REQUIRED WORK
Repeat the lines from the line with "vidaXL Borsa per" to the line with "Baby Mint & Sage Outfits" in the listing below, keeping both end lines and adding nothing.

AVAILABLE DATA

=== Section Start ===

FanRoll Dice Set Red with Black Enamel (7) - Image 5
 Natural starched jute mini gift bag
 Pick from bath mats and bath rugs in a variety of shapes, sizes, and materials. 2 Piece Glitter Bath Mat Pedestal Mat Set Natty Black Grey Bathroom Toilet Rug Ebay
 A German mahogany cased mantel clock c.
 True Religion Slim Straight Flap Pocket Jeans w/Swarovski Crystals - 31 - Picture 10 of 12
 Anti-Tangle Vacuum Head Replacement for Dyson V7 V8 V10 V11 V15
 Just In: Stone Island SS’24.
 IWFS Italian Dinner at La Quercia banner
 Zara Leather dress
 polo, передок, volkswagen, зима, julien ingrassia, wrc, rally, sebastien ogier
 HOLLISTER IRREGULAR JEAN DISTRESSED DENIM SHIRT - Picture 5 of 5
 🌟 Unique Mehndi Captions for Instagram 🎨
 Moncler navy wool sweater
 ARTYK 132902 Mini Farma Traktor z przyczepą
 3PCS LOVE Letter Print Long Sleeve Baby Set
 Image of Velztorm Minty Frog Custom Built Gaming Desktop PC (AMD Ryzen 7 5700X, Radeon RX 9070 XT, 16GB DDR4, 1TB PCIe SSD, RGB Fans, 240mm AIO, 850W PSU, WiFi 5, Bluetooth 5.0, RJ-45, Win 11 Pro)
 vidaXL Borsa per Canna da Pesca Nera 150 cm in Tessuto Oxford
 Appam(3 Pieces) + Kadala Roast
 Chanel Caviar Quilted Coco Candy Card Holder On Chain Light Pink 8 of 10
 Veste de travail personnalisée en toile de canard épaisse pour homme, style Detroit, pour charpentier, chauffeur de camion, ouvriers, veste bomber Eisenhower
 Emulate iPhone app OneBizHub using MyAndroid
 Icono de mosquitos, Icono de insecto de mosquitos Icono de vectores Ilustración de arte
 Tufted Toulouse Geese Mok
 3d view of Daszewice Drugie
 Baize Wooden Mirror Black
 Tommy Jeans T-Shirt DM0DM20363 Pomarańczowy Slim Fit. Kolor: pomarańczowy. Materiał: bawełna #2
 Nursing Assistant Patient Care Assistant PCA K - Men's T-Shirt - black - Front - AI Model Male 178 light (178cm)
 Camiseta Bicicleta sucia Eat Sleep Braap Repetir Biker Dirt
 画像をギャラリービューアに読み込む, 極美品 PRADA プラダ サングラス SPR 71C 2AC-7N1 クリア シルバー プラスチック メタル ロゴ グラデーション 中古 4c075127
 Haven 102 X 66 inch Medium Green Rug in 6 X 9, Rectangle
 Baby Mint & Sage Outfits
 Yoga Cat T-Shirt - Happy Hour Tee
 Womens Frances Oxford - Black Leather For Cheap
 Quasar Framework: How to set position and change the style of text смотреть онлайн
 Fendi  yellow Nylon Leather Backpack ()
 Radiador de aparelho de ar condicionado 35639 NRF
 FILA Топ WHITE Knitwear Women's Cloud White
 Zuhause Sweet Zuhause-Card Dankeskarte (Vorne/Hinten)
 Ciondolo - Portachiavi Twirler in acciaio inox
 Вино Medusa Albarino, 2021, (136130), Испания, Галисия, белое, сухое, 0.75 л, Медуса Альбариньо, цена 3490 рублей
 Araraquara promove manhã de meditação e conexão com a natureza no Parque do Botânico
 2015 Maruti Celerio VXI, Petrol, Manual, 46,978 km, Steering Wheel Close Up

=== Section End ===

SOLUTION FOR THIS PROBLEM
 vidaXL Borsa per Canna da Pesca Nera 150 cm in Tessuto Oxford
 Appam(3 Pieces) + Kadala Roast
 Chanel Caviar Quilted Coco Candy Card Holder On Chain Light Pink 8 of 10
 Veste de travail personnalisée en toile de canard épaisse pour homme, style Detroit, pour charpentier, chauffeur de camion, ouvriers, veste bomber Eisenhower
 Emulate iPhone app OneBizHub using MyAndroid
 Icono de mosquitos, Icono de insecto de mosquitos Icono de vectores Ilustración de arte
 Tufted Toulouse Geese Mok
 3d view of Daszewice Drugie
 Baize Wooden Mirror Black
 Tommy Jeans T-Shirt DM0DM20363 Pomarańczowy Slim Fit. Kolor: pomarańczowy. Materiał: bawełna #2
 Nursing Assistant Patient Care Assistant PCA K - Men's T-Shirt - black - Front - AI Model Male 178 light (178cm)
 Camiseta Bicicleta sucia Eat Sleep Braap Repetir Biker Dirt
 画像をギャラリービューアに読み込む, 極美品 PRADA プラダ サングラス SPR 71C 2AC-7N1 クリア シルバー プラスチック メタル ロゴ グラデーション 中古 4c075127
 Haven 102 X 66 inch Medium Green Rug in 6 X 9, Rectangle
 Baby Mint & Sage Outfits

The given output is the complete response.